It’s funny when I think about it now, but there was a time in the 1970s when I was crazy about Jell-O. That’s right. When I was a young girl, I loved Jell-O — the multi-colored, fruit-flavored gelatin dessert.
I remembered my obsession for Jell-O during a conversation with my coworker, Cecelia, last week. She and I were both children of the Seventies.
“My family didn’t eat out much when I was growing up,” she noted that day. “And when we did go somewhere to eat, it was a big deal.”
Her comment sent my mind racing through time.
“We didn’t either,” I said. “But my brother played sports, and at the end of football season, they’d have a sports banquet at a western-style steakhouse on the north side of Warner Robins, and our family would always dress up and go to that.”
I continued. “The steakhouse was called, the ‘Hof Brau Haus,’ and I can remember how it smelled on the inside — like flame broiled steaks and hamburgers. They had steak fries as big around as my thumb.”
The memory made me smile.
“I remember going through the line with a tray and passing a large glass case filled with Jell-O,” I said. “It was the most beautiful thing I’d ever seen — that lit display case full of glass pedestal dishes with cubes of jiggly Jell-O stacked neatly in the cups. They looked like loose gems at a jewelry store — greens like emeralds, reds like rubies, yellows like citrine. Just seeing the Jell-O made my mouth water. I couldn’t wait to sit down and eat the Jell-O.”

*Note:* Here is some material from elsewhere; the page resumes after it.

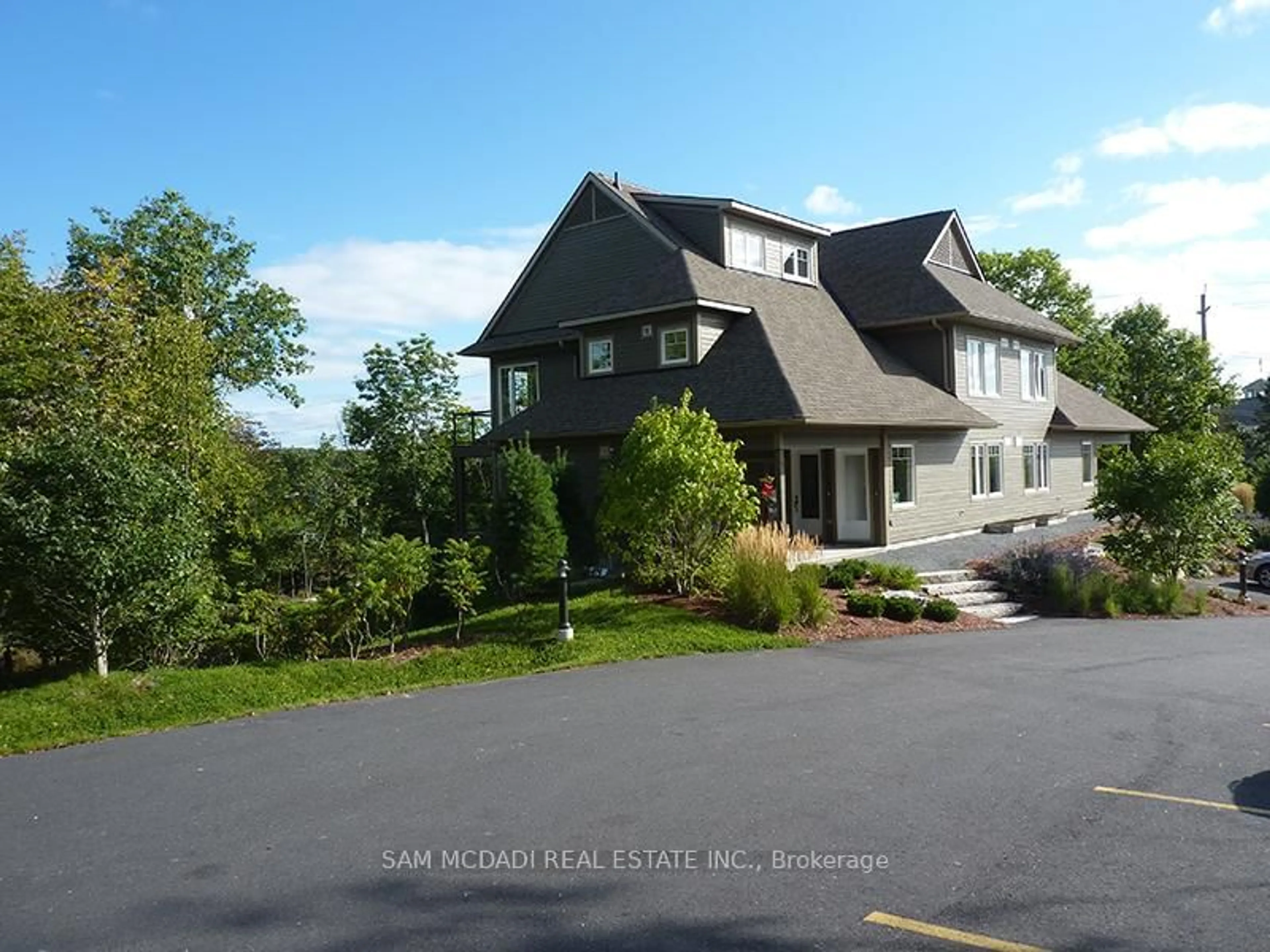 A pic from outside/outdoor area/front of a property/back of a property/a pic from drone, unknown for 2 Tree Tops Lane #102, Huntsville Ontario P1H 0B8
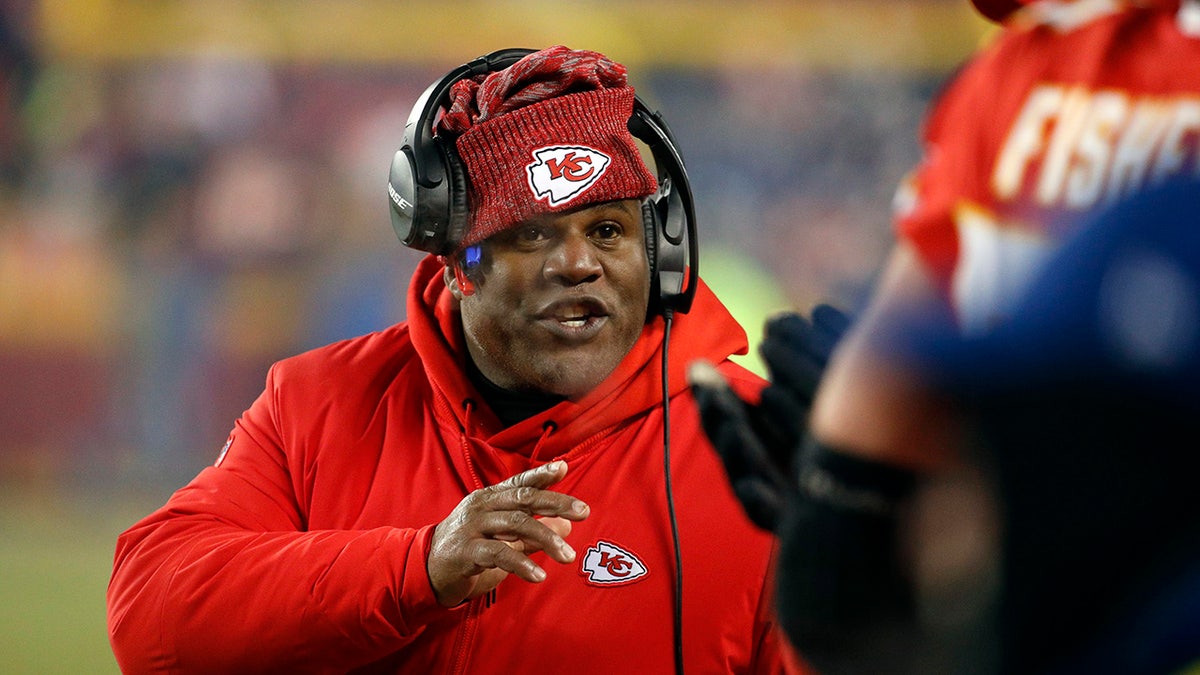 FILE - In this Jan. 20, 2019, file photo, Kansas City Chiefs offensive coordinator Eric Bieniemy gestures during the second half of the AFC Championship NFL football game, in Kansas City, Mo.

We both laughed at the fact that the Jello-O display case made me giddy. My memories kept coming, and before I knew it, I was singing the lyrics to a song I haven’t thought about in decades.
Watch it wiggle.
See it jiggle.
Cool and smoothy, Jell-o brand gelatin.
Of all desserts, you’ll love the one, that tastes so light and makes such fun.
Make Jell-o gelatin, And make some fun.
Jell-O was an easy, inexpensive dessert. Mom bought it in powder form at the Piggly Wiggly. She mixed it with boiling water, then poured it into a ring-shaped Tupperware Jello-O mold and stuck it in the refrigerator. Sometimes, Mom would add a can of fruit cocktail to the mix. I loved to find a cherry or a grape in my Jell-O. Other times, she might cut up strawberries or bananas and stir them into the Jell-O. In my mind’s eye, I can still see the fruit chunks suspended in the Jell-O like insects preserved for eternity in golden amber resin. Sparing no opportunity to educate us young’uns, Mom would clear her throat and tell us all we needed to know about gelatin (and some things we probably didn’t want to know).
“Jell-O is gelatin,” she’d say. “They make gelatin out of the leftover meat, bones and cartilage of hogs.”
This fact made my sister nauseous, and she vowed to never eat Jell-O again. My brother was indifferent to the revelation, as if he wasn’t even paying attention to the information Mom was passing down to us. However, I was intrigued. “But it doesn’t taste like ham or bacon,” I’d say. “It tastes . . . fruity.”
“That’s because they add flavoring to it, and color,” Mom would say. “The color helps fool you.”
I was certainly fooled. When the Jell-O was sufficiently solidified in our refrigerator, Mom would dump it out onto a plate. It was magnificent — like a piece of art. I’d pause and admire it as if I were admiring a sculpture by Michelangelo.
Mom continued teaching us.
“And Jell-O is good for your fingernails,” she’d say. I didn’t really care about my fingernails back then, but now, in my 50s, I eat gelatin in the form of gummy bears to help strengthen my fingernails. It works. I’m not a big fan of Jell-O any more. I use it in recipes from time to time, but the only time I eat it “straight,” is on the clear-liquid diet days before a colonoscopy. Still, the memories of being mesmerized by Jell-O all those years ago are fond ones.